In the faculty lounge, Rachel looks mournful, and explains to Sam that she woke up that morning to learn that the sale of her dads’ house has finally gone through in spite of her efforts to sabotage it. (Genuinely funny quick cut to a realtor showing a prospective buyer around and finding Rachel standing in a shower with her hair covering her face, much like the creepy little girl in "The Ring.") “Rachel, that’s insane,” Sam says, and I begin to reconsider all the obnoxious cracks I’ve made about his intelligence over the years because he seems pretty smart in this episode. Rachel whines that it’s the house she’s grown up in and the only home she’s ever known and she doesn’t want to pack away her childhood. Sam—again, behaving very intelligently—reminds her that he was homeless for a while, but Rachel doesn’t want to hear it (nice way to dismiss your friend’s traumatic experience, Rach) and says that she will not let her dads go through with the sale. Because it’s all up to her, of course. If she had stayed on Broadway, she probably could have purchased the house from them herself.
Quick cut to a random classroom where the New New Directions, Artie (Kevin McHale) and Mercedes (Amber Riley) have gathered. Sam says that they’re here to help Rachel, and Mercedes notes that she’s been mentoring the starlet for a week. “What could she possibly need now?” she asks, tactfully not mentioning that other people at McKinley have lives and issues, too. Kurt (Chris Colfer) explains about the house sale, and blah blah, Rachel loves the house and doesn’t want to grow up even though she ran off first to New York and then to L.A. to get away from Lima. “She’s making one of the biggest transitions of all,” Sam says with a very serious inflection, and working the episode title into the dialogue, “one that we are all gonna have to make soon.” Leaving your childhood home? Oh, for the love of God. I would think Coach Beiste’s transition is a bit bigger than a normal aspect of growing up. Kitty calls him on this and asks if Sam is announcing a new gender. “No, this is all about Rachel!” he yells, because he knows the show pretty well by this point. “She’s growing up. We all are. Even though we keep coming back to high school and never leave.” Maybe he doesn’t say that last line. But he should.
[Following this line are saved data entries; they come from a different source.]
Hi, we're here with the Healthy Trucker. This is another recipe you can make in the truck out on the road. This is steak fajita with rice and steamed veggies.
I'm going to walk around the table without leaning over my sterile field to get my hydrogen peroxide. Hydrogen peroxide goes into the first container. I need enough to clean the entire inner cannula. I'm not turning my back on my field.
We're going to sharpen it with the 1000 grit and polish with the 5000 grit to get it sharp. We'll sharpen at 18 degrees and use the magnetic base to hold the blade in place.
As Coach Beiste walks through the parking lot, he stops in front of his car: In spite of Sue’s efforts, the car is covered in toilet paper jockstraps and shaving foam that spells the words “Coach Tranny.” Clint and several Vocal Adrenaline members drive by, snapping pictures of Beiste’s stricken face and laughing. Because teenagers are jerks. Why does no one want to leave their high school again?
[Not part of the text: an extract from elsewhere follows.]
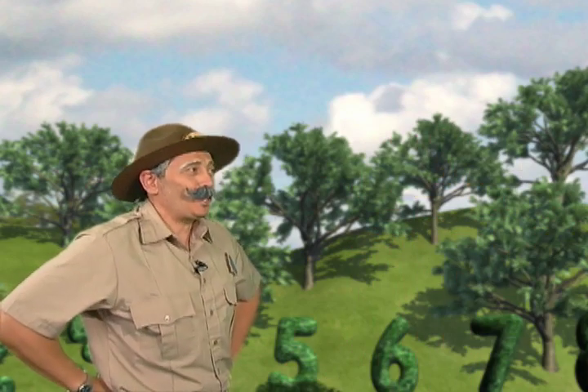Thanks, Ranger Riff! I have just enough time to mix my green paint. See you later! So long! Good luck to you!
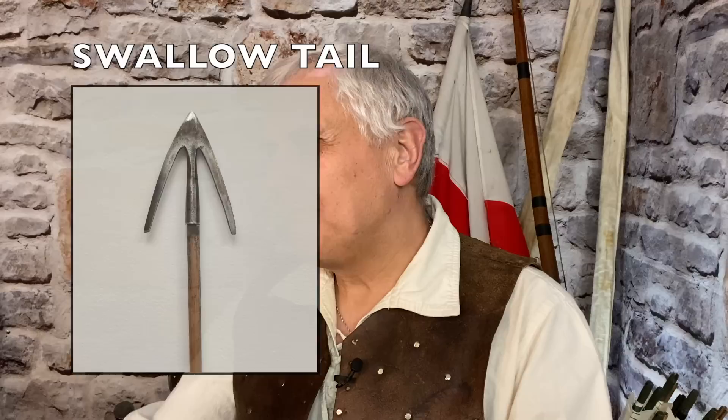Here we have a large broadhead. Some call it a swallowtail, but it kind of got me into trouble. I say trouble — it was a performance at Warwick Castle, and I'd been told that these could be used against horses. To me, it's just a hunting arrow. But there I am on stage with all my arrows; I'd already done my shoot. And I hold this up and say, 'Here we have what I regard as a hunting arrow, but it can be used against horses — like a horse arrow.'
Will walks into Sue’s office, where Beiste is waiting for him. “Sue’s just making a big stink over nothing,” Beiste says, because he also watches this show and knows the characters pretty well. Sue informs Will of the vandalism, and Will offers sympathy. “I knew there’s a possibility that something like this was going to happen, so when it did, I wasn’t all that surprised,” Beiste says sadly, and I want to crawl through the TV and hug Dot-Marie Jones because she’s just that damn good. But Will doesn’t get why he’s been called in regarding vandalism on McKinley property, so Sue asks “Newly Boobless” (remember how she said no bullying?) to explain. “The kids wore Carmel colors, Will” Sheldon Beiste says. “They were from Vocal Adrenaline. They were your kids.” “Are you serious? No one goes after one of my friends and gets away with it," Will storms. “Except for me,” Sue notes. “I always go after your friends and I’ve never not gotten away with it." Glaring at Sue, Will rubs Sheldon’s shoulder in sympathy and apologizes for his students.
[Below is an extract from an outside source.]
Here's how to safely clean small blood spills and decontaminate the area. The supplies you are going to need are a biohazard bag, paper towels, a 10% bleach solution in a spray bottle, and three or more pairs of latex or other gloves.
In the choir room, Rachel announces that this week’s theme for the New New Directions will be “Buckeye Bullseye,” focusing on local Ohio artists like Marilyn Manson and Dean Martin. But Kurt interrupts her to explain a change in plans and to announce that this week’s theme is “Transitioning,” which can focus on Rachel’s transitioning out of her childhood home and accepting adulthood. “Or at least that’s according to the very nice lady at the Lima Mental Health Clinic,” Blaine adds...and why is he here? Doesn’t he have his own glee club to coach? Anyway. The Old and New New Directions are going to host a Farewell to Rachel’s House party in her basement. (Shouldn’t they check in with her dads about that first?) “So, this lesson isn't for us?” Madison McCarthy (Laura Dreyfuss) asks. “It’s for Rachel?” Mason (Billy Lewis Jr.) confirms. Well, of course it is, you crazy kids! You’re just high school students learning everything you can to succeed in the world! Rachel, your teacher, is a high school graduate who had her opportunity and blew it—who needs lessons more? “Yeah, so shut up,” Kitty sighs. Sam calls for his “wheel,” and Blaine brings in a Wheel-of-Fortune-esque wheel with the names of the Old and New New Directions on it. Each member will spin to see who he or she will sing a duet with at the party. (Sam, however, isn’t going to spin because he wants to sing with Rachel.) “Can’t we just pull names out of a hat?” Spencer (Marshall Williams) asks, and is greeted with confused looks. You guys, I’m starting to like Spencer. Mercedes spins first and gets Roderick (who she doesn’t even know). Kurt spins next and makes sure that it lands on Blaine. In the hallway, Kurt catches up to Blaine and tries to pass it all off as coincidence. “What are the odds,” Blaine laughs, because he’s no fool. But he’s okay with the scheming, as long as Kurt doesn’t mention the duet to Karofsky. “He thinks there’s still something between us. Which there obviously isn’t. “Obviously!” Kurt agrees. They agree to pick a song later. “We’ll do something uptempo. Or slow. I’m versatile,” Blaine says. I’m sure Kurt remembers, Blaine.
In the faculty room, Coach Beiste is sitting at a table. Sam and Spencer storm in and demand to know which Vocal Adrenaline members were behind the vandalism (referring to them as “rock lobsters,” which is a cute little shout out). Spencer promises to kill whoever did it, and in full football coach mode, Beiste roars for them both to sit down and let it go. Fighting won’t help anything, he says, but Spencer argues that it would teach them “not to mess with any of us or we’ll destroy them.” “I’ve been dealing with ignorant people who couldn’t understand me my whole life,” Beiste sighs. “But you know what? I couldn’t be happier with myself. How many people get to say that?” He also notes that he’s glad to hear Spencer refer to himself as “one of us.” Spencer is more than a star player, he adds, but part of a team—a transition (yay!) he credits to Sam. Sam apologizes for his outburst and threats. “You did not disappoint me. In fact, I couldn’t be prouder. You boys get back to practice.”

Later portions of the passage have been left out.